**What is expected**.
Every line below that holds the string "Hotel" must be copied.

**Study material**.
···
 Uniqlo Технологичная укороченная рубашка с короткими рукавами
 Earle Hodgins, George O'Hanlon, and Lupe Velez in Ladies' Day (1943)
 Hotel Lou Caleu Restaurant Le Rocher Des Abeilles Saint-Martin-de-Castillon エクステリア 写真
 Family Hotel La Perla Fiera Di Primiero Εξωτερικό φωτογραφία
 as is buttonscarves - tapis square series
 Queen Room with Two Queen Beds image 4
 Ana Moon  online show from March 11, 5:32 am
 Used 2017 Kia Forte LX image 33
···
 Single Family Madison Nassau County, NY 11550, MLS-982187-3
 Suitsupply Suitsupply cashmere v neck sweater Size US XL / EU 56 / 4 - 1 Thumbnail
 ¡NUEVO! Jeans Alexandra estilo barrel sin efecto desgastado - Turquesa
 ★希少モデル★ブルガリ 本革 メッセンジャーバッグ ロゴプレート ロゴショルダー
···
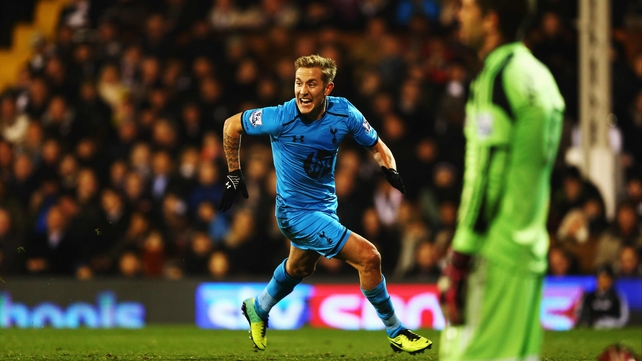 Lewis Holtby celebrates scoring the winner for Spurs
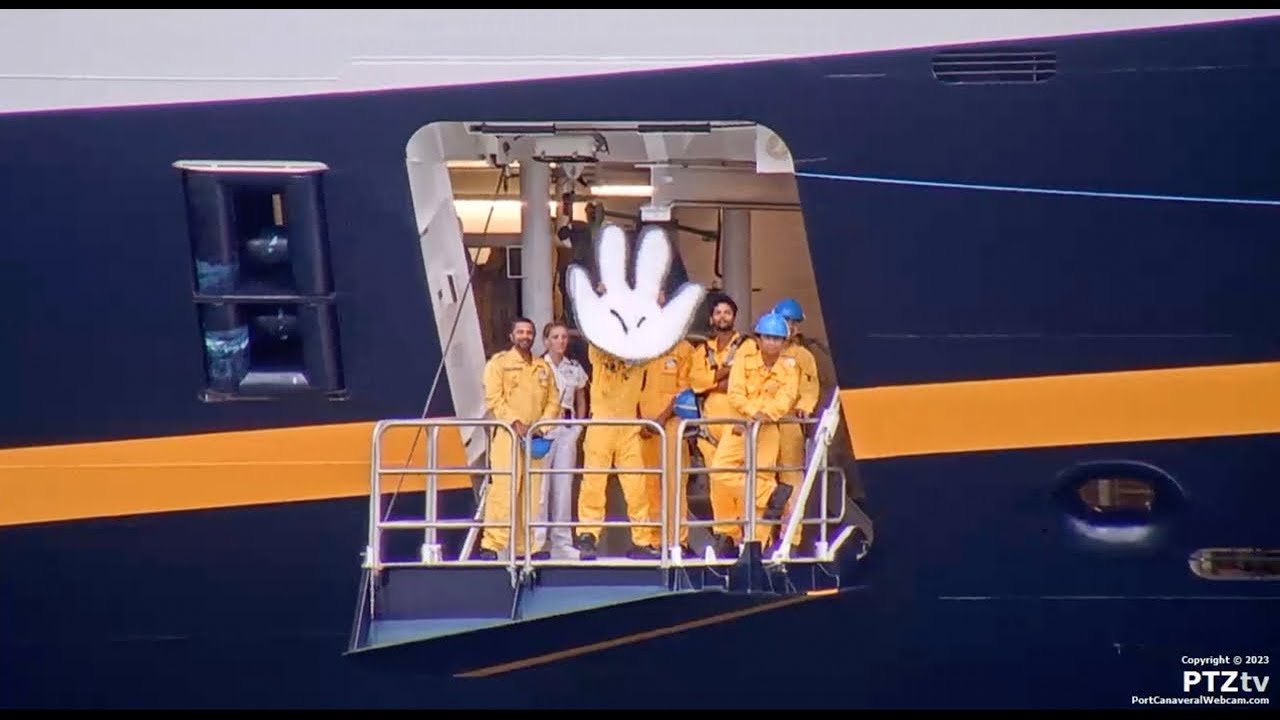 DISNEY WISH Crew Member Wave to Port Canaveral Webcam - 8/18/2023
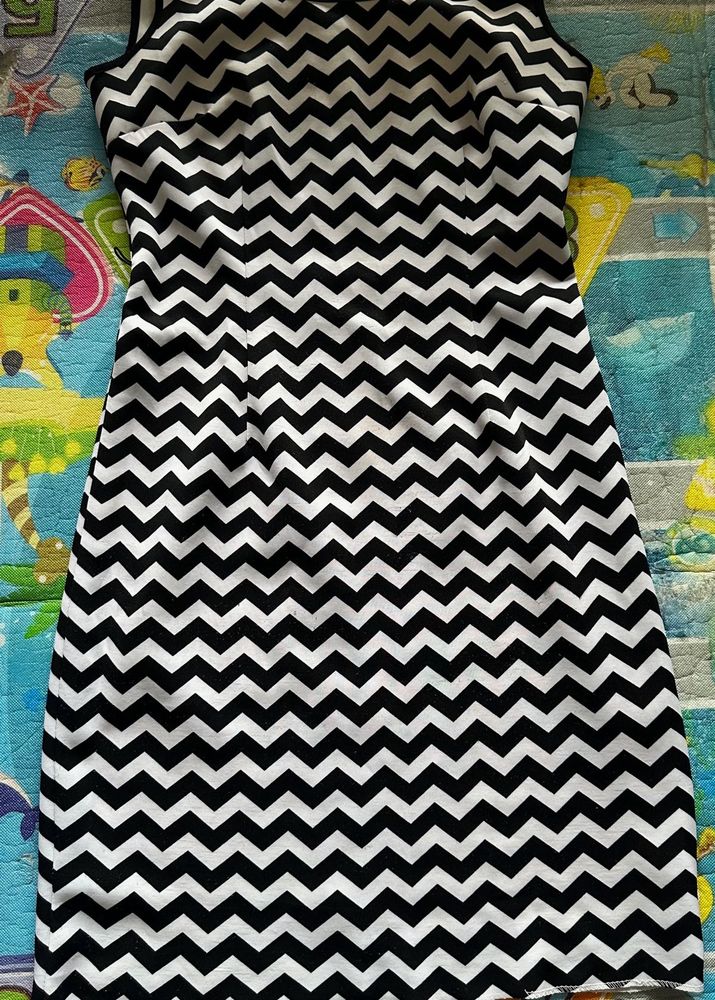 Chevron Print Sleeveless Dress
···
**Answer to this exercise**.
 Hotel Lou Caleu Restaurant Le Rocher Des Abeilles Saint-Martin-de-Castillon エクステリア 写真
 Family Hotel La Perla Fiera Di Primiero Εξωτερικό φωτογραφία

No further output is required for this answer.